CAPTAIN COOK AND MOTHER CAREY'S CHICKENS 2015
On the 3rd of May 1770 James Cook took up and ate a roasted shellfish from a small fire. He stood in what was to be called Botany Bay, home of the Gweagal people. The people whose fire it was had fled at his approach. He left trinkets for them...a trade, as in his words he ‘tasted of their cheer.’
I have used this ‘trade’ as a metaphor for Great Britain taking possession of the Great Southern Land Terra Nullius, with neither treaty nor negotiation with the indigenous inhabitants.
Where possible I have used the words of James Cook and Joseph Banks to describe these paintings of Endeavour’s voyage from Plymouth to New South Wales.
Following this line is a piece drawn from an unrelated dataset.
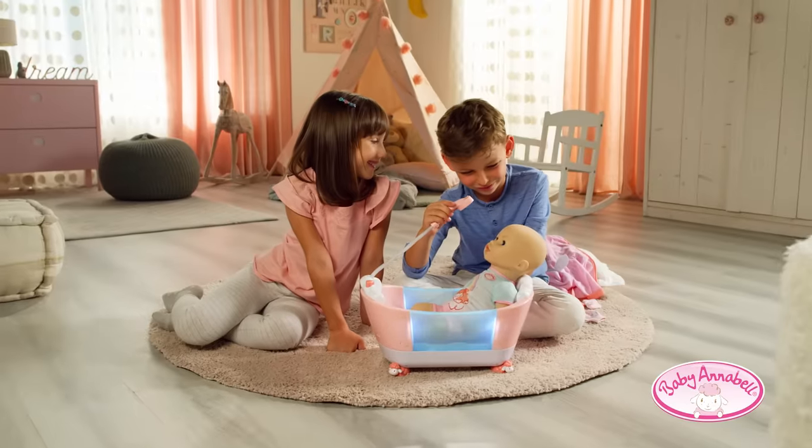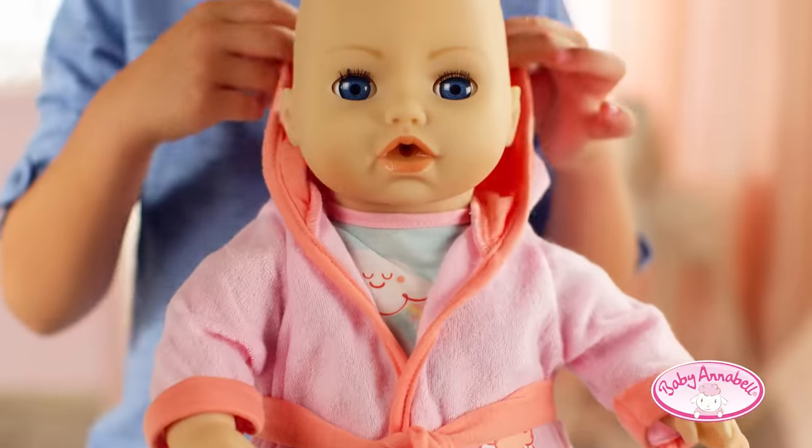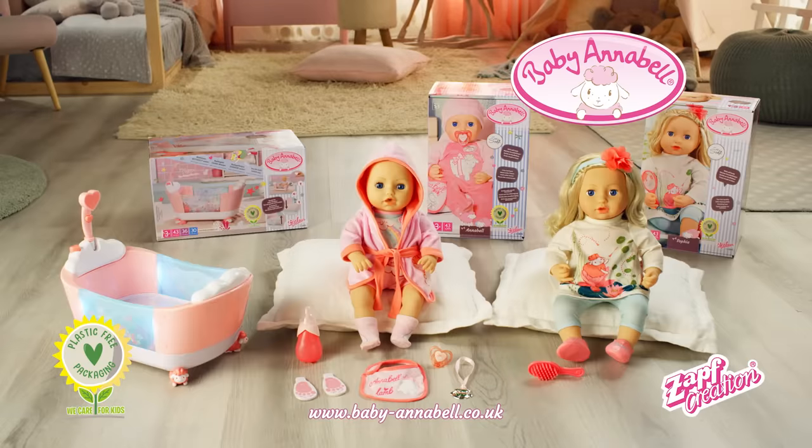Bathtime fun without the water in the new Let's Play Bathtime bathtub in plastic-free packaging, only from Zap Creation.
Mother Carey’s Chickens was the name coined by superstitious 18th Century sailors for Storm Petrols. They were often seen swooping around the Endeavour, and thought by the crew to be harbingers of death at sea.
Courtesy of the artist 2015
SARAH MITCHELL: REEF EDGY BLUES 2015
The beautiful Zooplankton of the Great Barrier Reef is my inspiration. It is the building block on which the health of the reef depends, and it is in slow decline.
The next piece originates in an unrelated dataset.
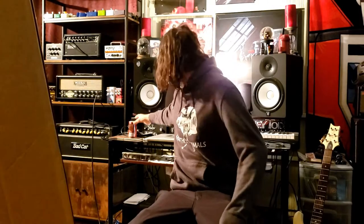Hey, what's up? I got a new bass, so I'm gonna unbox it.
This work celebrates some of the delicate creatures of the reef most susceptible to warming water, human and natural disturbance.
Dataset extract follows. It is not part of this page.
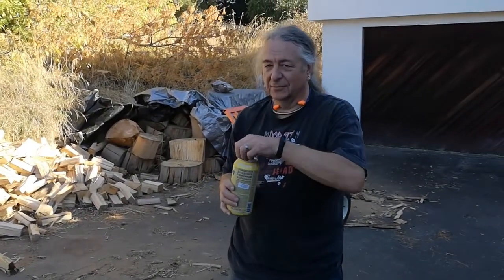Now that's all out the way, I'll just have a beer — gives you a splitting headache.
Uneditioned hand coloured lino cuts, calico wall hangings and wooden bowls make up the work.
Courtney of the artist 2015
SARAH MITCHELL: STILL LIVES & VANDEMONIANS 2013
Still Life, Natura Morta, Dead Nature!
I started this series of hand coloured linocuts with an Australian take on the ‘still life’ in the most conventional understanding of the term. Native Parrots, fish and plants mixed with some exotica, including that misleading fish, the red herring!
This led me to more disturbing Dead Nature. The still lives of extinct Australian creatures, most notable being the Thylacine. His lonely presence haunts a few of the images. Joining him is another Tasmanian extinct in the wild, Pedder Galaxias. The last Paradise Parrot ever seen now lies in a small draw in the Queensland Museum. I have portrayed this parrot as a taxidermied Victorian era relic, trapped forever under a glass dome.
Courtesy of the artist 2013
SARAH MITCHELL: ROCOCO EROTIC & THE PERFUMED AVIARY 2012
Rococo Erotic
This collection of hand coloured linocuts takes a lighthearted look at erotica during Europe’s Baroque and decadent days at the end of the 18th century.
The Rococo aesthetic fueled my imagination for this work. I find Rococo fashion and frivolity very appealing. The sexual innuendo in the design of the 18th Century corset, the elaborate frock like frockcoat, big white powdered wigs and the male dandy were all my inspiration.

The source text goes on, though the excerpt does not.